• Sat. Jul 27th, 2024
Carol Ann Duffy at a book signing

Rating: 5 out of 5.

Few of the guests at the Edinburgh International Book Festival have the creative freedom or the boldness of Carol Ann Duffy. However, as a former Poet Laureate and one of the UK’s most celebrated writers of the past forty years, Duffy carried her fame with ease. The event in the ECA’s Baillie Gifford West Court on the evening of Thursday 17th August was a sell-out. In the row opposite me, I spotted Jackie Kay, Scotland’s former makar.

After Duffy swaggered on stage with musician and long-time collaborator John Sampson, Nick Barley, director of the EIBF, appeared to personally thank the poet for being a “stalwart” of the festival for the fourteen years he’d run it. Duffy, wearing all-black, seemed unperturbed.

Sampson, also dressed in black, kicked off the event by playing Duffy a grandiose introduction on the fanfare trumpet, before moving onto the crumhorn, and then two recorders at once. While pretending to be irritated, the audience could see Duffy’s smile break through when no one was looking.

The poet then stood up, speaking in a languid, but clear RP accent. Her demeanour, mannerisms, and voice suggested a New Romantic Severus Snape. At a wooden lectern, she began her poetry recital with free verse pieces from The World’s Wife, published in 1999. The collection was a retelling of Western myths from the point of view of wives, including “Mrs. Midas”, “Mrs. Aesop”, and “Mrs. Faust.”

Duffy performed with great dramatic flair while keeping her monotone drawl, with long, drawn-out non-rhoticism. The poems from The World’s Wife read like the stories they parodied, in parts like prose, but with incredible imagery bursting through quite matter-of-fact first person narratives. Her twists on the traditional, patriarchal mythology were clever and well-thought, and throughout each poem a strong feminist spirit resounded. Many oohs and ahs came from the audience at the end of each. Certain lines had the crowd in fits of laughter, thanks to Duffy’s dry delivery.

Touching on her “Mrs. Faust”, Duffy made a political point by saying it could be retitled “Mrs. Sunak, Johnson, or Melania”. The poem, of course, concerns the wife of a man who was so greedy he sold his soul to the Devil: Duffy’s twist being that Faust had no soul to sell.

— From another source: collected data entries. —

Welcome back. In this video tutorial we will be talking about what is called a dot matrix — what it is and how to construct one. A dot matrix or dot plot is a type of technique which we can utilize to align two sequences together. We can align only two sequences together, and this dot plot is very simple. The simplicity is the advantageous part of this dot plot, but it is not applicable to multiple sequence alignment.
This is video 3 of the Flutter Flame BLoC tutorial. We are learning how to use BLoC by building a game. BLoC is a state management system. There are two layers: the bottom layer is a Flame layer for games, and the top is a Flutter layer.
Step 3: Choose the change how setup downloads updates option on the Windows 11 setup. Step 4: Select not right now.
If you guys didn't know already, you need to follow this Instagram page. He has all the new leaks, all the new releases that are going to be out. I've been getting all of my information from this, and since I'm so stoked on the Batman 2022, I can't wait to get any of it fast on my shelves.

She read one more poem from that collection, a beautiful love poem entitled “Anne Hathaway”, before returning to her double act with John Sampson. The Dunfermline musician put on a white wig and told the audience he was Mozart before playing one of the composer’s pieces. His slapstick persona provided catharsis to Duffy’s dour glare.

The poet then moved on to her most recent collection, Sincerity, released in 2018. She explained to the audience one folk etymology of the word sincerity, which posits its Latin meaning as “without wax”. This referred to the practice of filling in cracks in statues with wax, meaning those without were more “truthful” or sincere.

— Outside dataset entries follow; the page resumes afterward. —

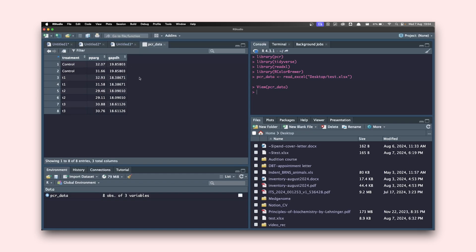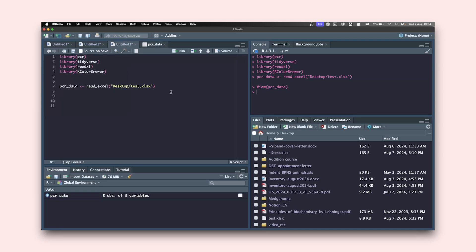The problem with this table is that when I feed it into the PCR package, it's going to take the first column as values too and throw an error, because that column does not have any numeric value. So I'm going to clean this up and get rid of the first column so that I have only the second and third columns. To do that I'll use the select() function from dplyr, which comes from the tidyverse group of packages.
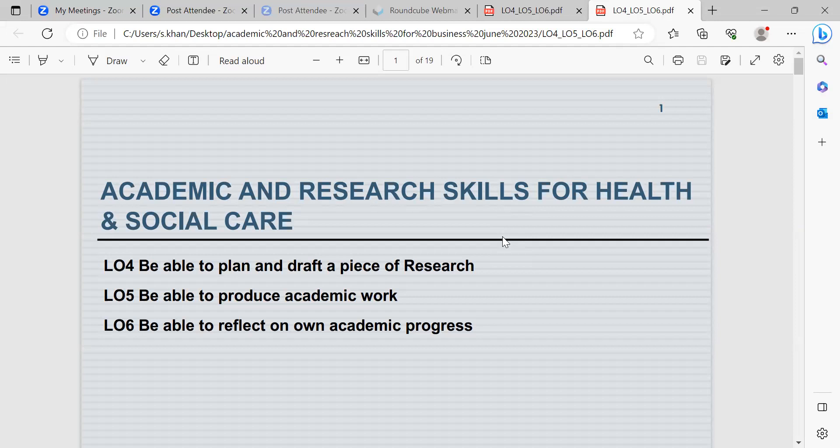Good morning. The unit we'll be doing today is Academic Research Skills for Health and Social Care, and the learning outcome today will be to be able to reflect on your own academic progress.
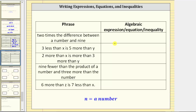The first phrase is 'two times the difference between a number and nine.' The word 'difference' means subtraction. Since we have the difference between a number and nine, we have the expression n minus nine. But the entire phrase is two times this difference, so we place the difference in parentheses: 2(n - 9). The result is an expression.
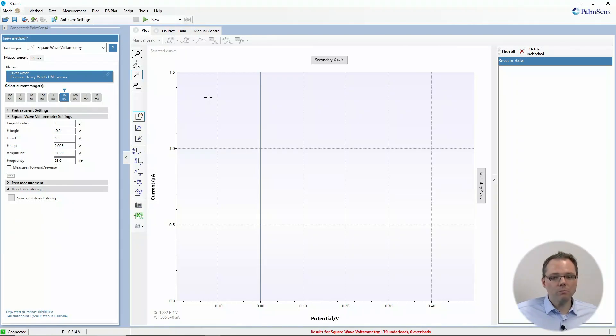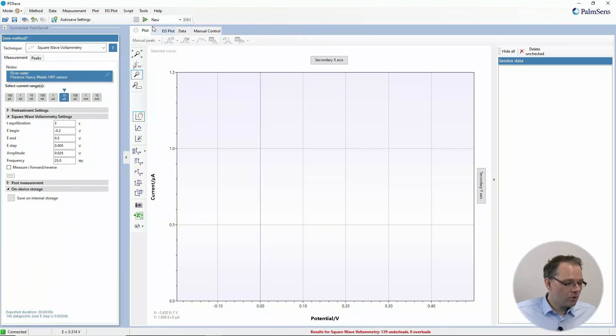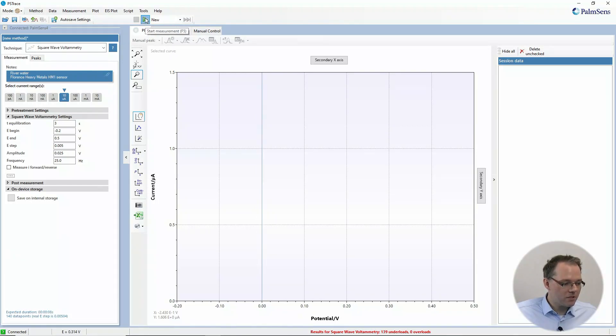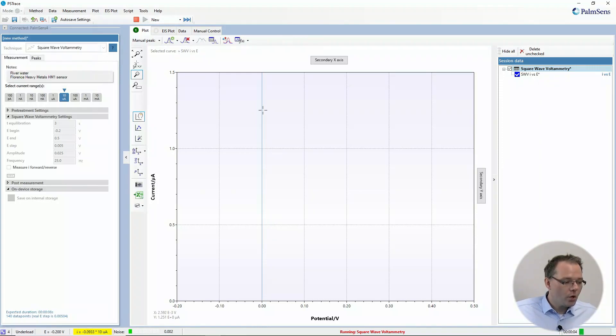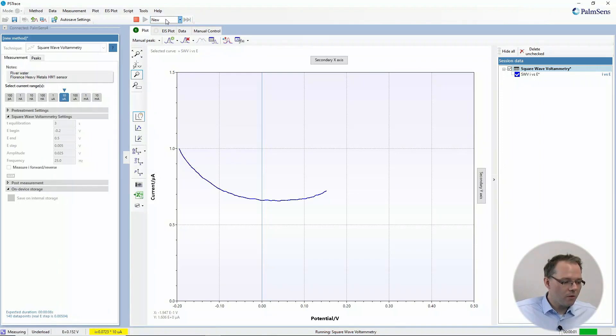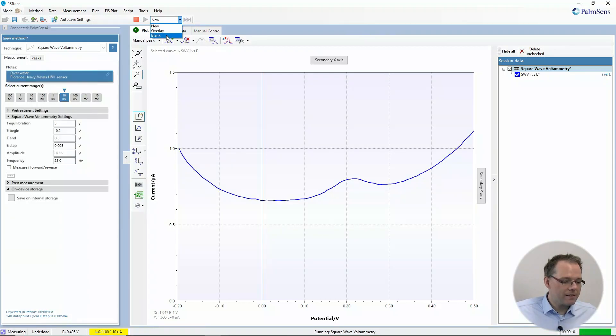You have multiple options, but I will choose to just start a measurement. You could, if you want, select before the measurement to say that this is going to be your blank.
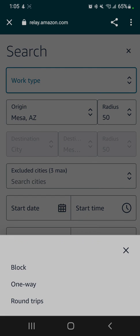The only thing displayed on the load board for a block is the starting location, the starting time, and the ending time. A block almost always brings you back to the same exact starting location. So if you start at PHX1, which is an Amazon warehouse here in Phoenix, you'd return to PHX1 if you booked a block load.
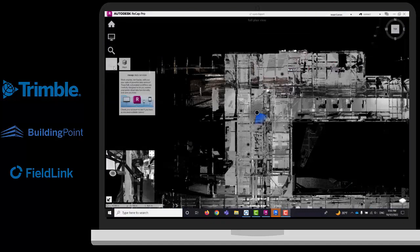If you have ReCap Pro, you can also export or translate this scan as a mesh. If you do not have ReCap Pro, you can do this as well using other tools. That mesh is going to be saved as an IFC, so you will be able to run clash detection between that IFC and the model.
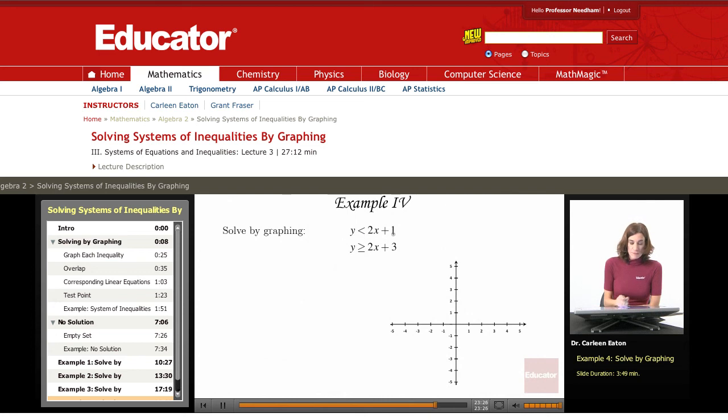y is less than 2x plus 1. y is greater than or equal to 2x plus 3.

She cycled through several poems, including “Clerk of Hearts”, “Elephants”, a poem about her daughter leaving home, a poem dedicated to Tracey Emin (Duffy’s “favourite artist”), and a comical poem about a monkey. The poet’s gift at wordplay or, as she puts it, using “simple words, but in a complicated way”, shone throughout.

Sampson gave another brief interlude, this time on woodwind before Duffy spoke about her time at the University of Liverpool. She described being in the city for the 1989 Hillsborough disaster, which killed 94 (of an eventual 97) Liverpool fans on the day, due to poor policing, and remembered hearing the church bells ring out 94 times the following day. She wrote the poem “Liverpool” twenty-five years later when she said “some justice had finally been delivered”. As she read it, Sampson accompanied her on the recorder.

Duffy followed her poem on the Hillsborough disaster with two more poems of grief, the first about Princess Anne grieving the Queen and the second about the death of her own mother. Sampson accompanied this with a slow rendition of O Danny Boy

After reading one more poem on reconnecting with her daughter during lockdown, Duffy spoke a little to the audience. It was hard not to detect a hint of sarcasm as she said, “How lucky we are to have these hours at the best book festival in the world” (referring to Brian Cox’s line in the obligatory promo video that plays before each of the over 500 events). 

She read one last poem before the event finished with a rendition of Hallelujah by Sampson on brass with a piano backing track, with the middle-aged audience encouraged to join in for the chorus. A little unsure of themselves, the effect was of a ghostly choir, Sampson’s brass accompaniment adding a Coronation Street-style ambience. As the song finished, Duffy, maintaining her drab flair, bowed to the audience’s applause, holding hands with Sampson, before the pair exited stage right, through the door from whence they came.

Image “CAROL ANN DUFFY AT THE GALA THEATRE DURHAM” by summonedbyfells is licensed under CC BY 2.0.